Metric square up guitars and oohs to unscallable heights.

The fact that Metric have hit their latest album and find themselves self-releasing ‘Fantasies’ via the newly formed Metric Music International, is testament to the ridiculous hesitancy with which pre-formed labels are showing bands; but at the same time demonstrates this group’s ability to prove their artistic integrity. Fair to say that by their fourth long player, Metric are well worth taking that leap of faith for and exploring.

Combining wit and sass, Emily Haines has lost nothing of her vocal and lyrical potency despite the amassing years passed. Opening track ‘Help I’m Alive’ crams about a minimum of 3 songs into its four and half minutes – an industrial Depeche Mode, The Breeders knack with chorus construction and some bubblegum pop. The drilling guitar line is certainly secondary to Haines’ craftily luxurious voice, whose tone is just set to unfurrow brows.

Not ones for unnecessary pretention, Metric unleash erratic and uncouth guitars, with motion that takes over on ‘Gimme Sympathy’ – one of those convincing amalgamations of band influences, the referencing of The Beatles and The Rolling Stones, which magically doesn’t stick in your ears. In an evenly rounded move, singing “Come on baby play me something / Like ‘Here Comes The Sun’” the band sound uncomplicated but no less convincing.

Darkening somewhat, Haines and the ever-evident Shaw slip into a maze-like synth during ‘Blindness’. It finally breaks these circling shackles for the freedom of guitars and bright, shiny vocals as she assures us to “Leave it up to me”. Where Emily’s vocal is relatively low impact it seems likely why they draw the listener in, and as the focus of attention shifts the dirty rousing bass in ‘Satellite Mind’ claims another soul. Unlike some of their current counterparts, Metric have delved further into using what they know; already being rather au fait with synthesisers, new wave and post punk, ‘Stadium Love’ is, as Haines lyric reiterates, “neck and neck” with everyone’s newly synth’d up Yeah Yeah Yeahs. The song itself is an oddly catchy ender with its duelling denizens of the animal kingdom: trading a cougar for a bat? Well… alright. How about an owl versus a dove? Yeah, I suppose we’d all quite like to see that – would the dove really have less killer instinct?

But, we digress. Metric square up guitars and oohs to unscallable heights and fortunately it burns itself into a reverb stupor rather than inciting us into a royal rumble against our own speakers, however much that would have made for an unexpected ending to these ten tunes. And in many ways ‘tunes’ is the most appropriate name for them, given that they encompass an expansive sound, one comparatively taut but all the while gaining horizontal ground.
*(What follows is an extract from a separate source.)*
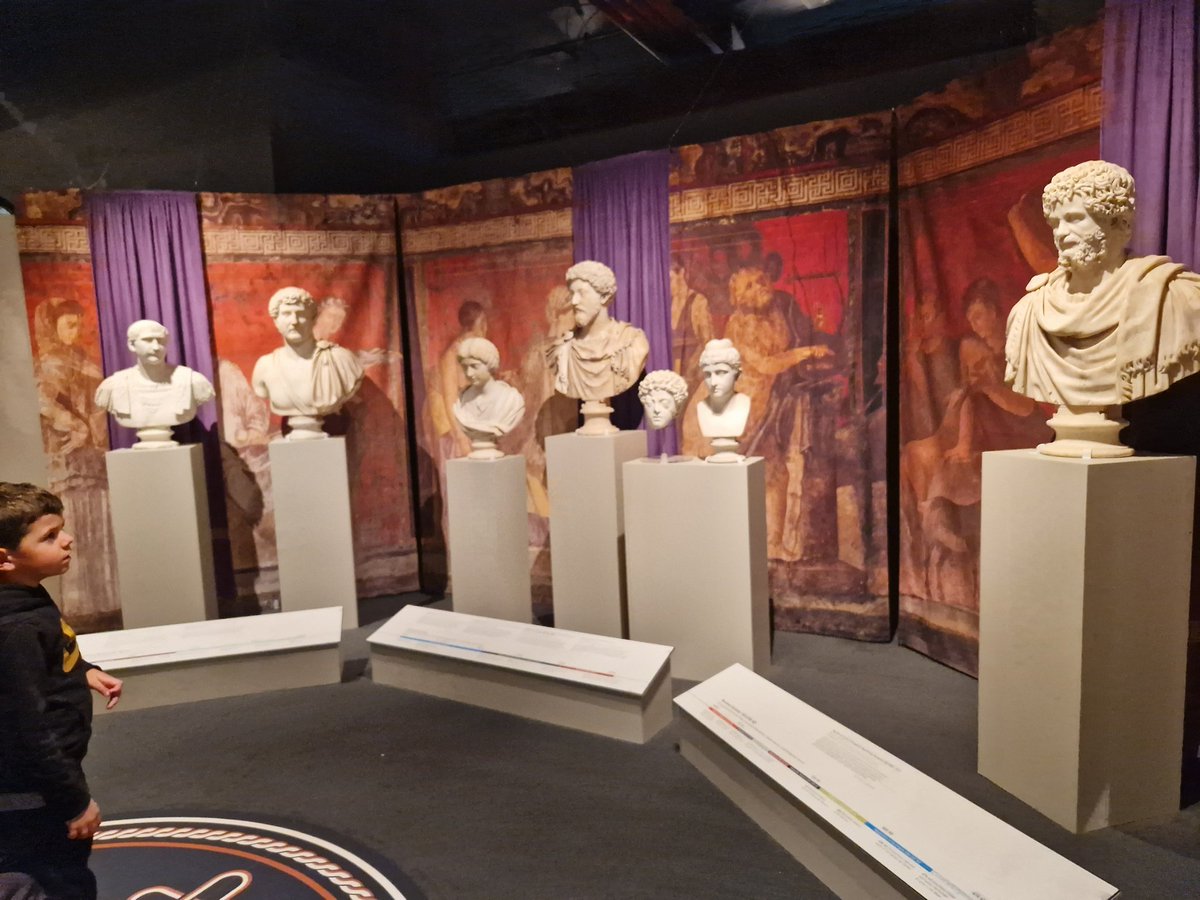 Karen Valentine tweet media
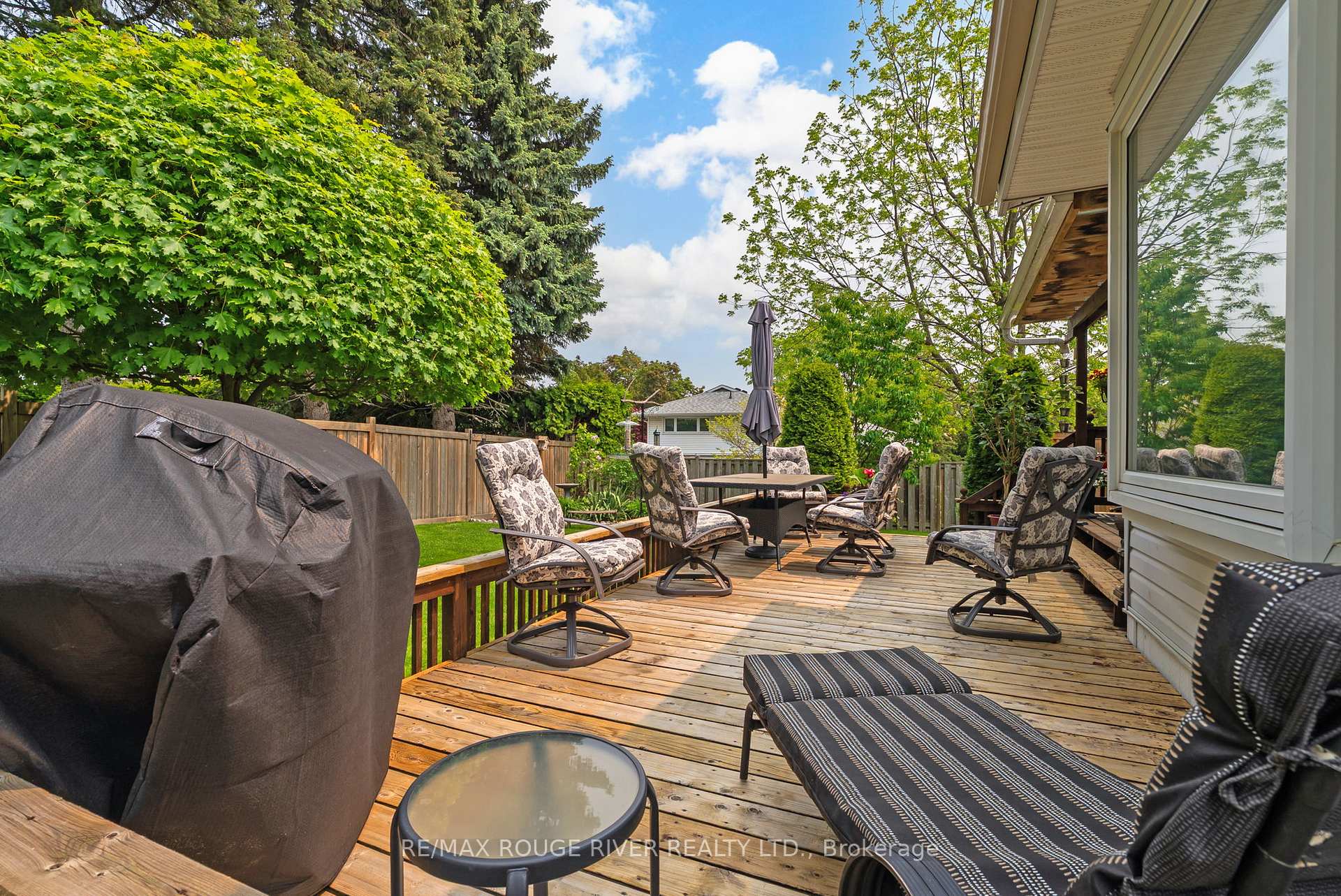 Photo 41 of 665 Jasmine Crescent, Oshawa, Centennial — HOMEH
‘Sick Muse’ is by far the most Garbage, made-for-radio, sexy of these ‘tunes’ – fortunately so as it’s their next single – and a spot on ditty complete with cupid berating, uplifting chorus and feisty verses. Alternately there’s the most repetitively winsome track on the album to contend with in the form of ‘Collect Call’, with a disco-smooth epicentre and waves of simple, prettily delivered lines and tracking synth. The most elevating of which must be in the line “If somebody’s got soul / You gotta make them move”. The frequent simplicity on ‘Fantasies’ is, once again, certainly its top trump.

There are a couple of ever so slightly overdone melodramas on this album, but within a myriad of perfected pop, it’s very little to ask that you sit through just six less-evocative minutes. And like the best ventures into the unknown, it’s far more satisfying when things turn out for the best.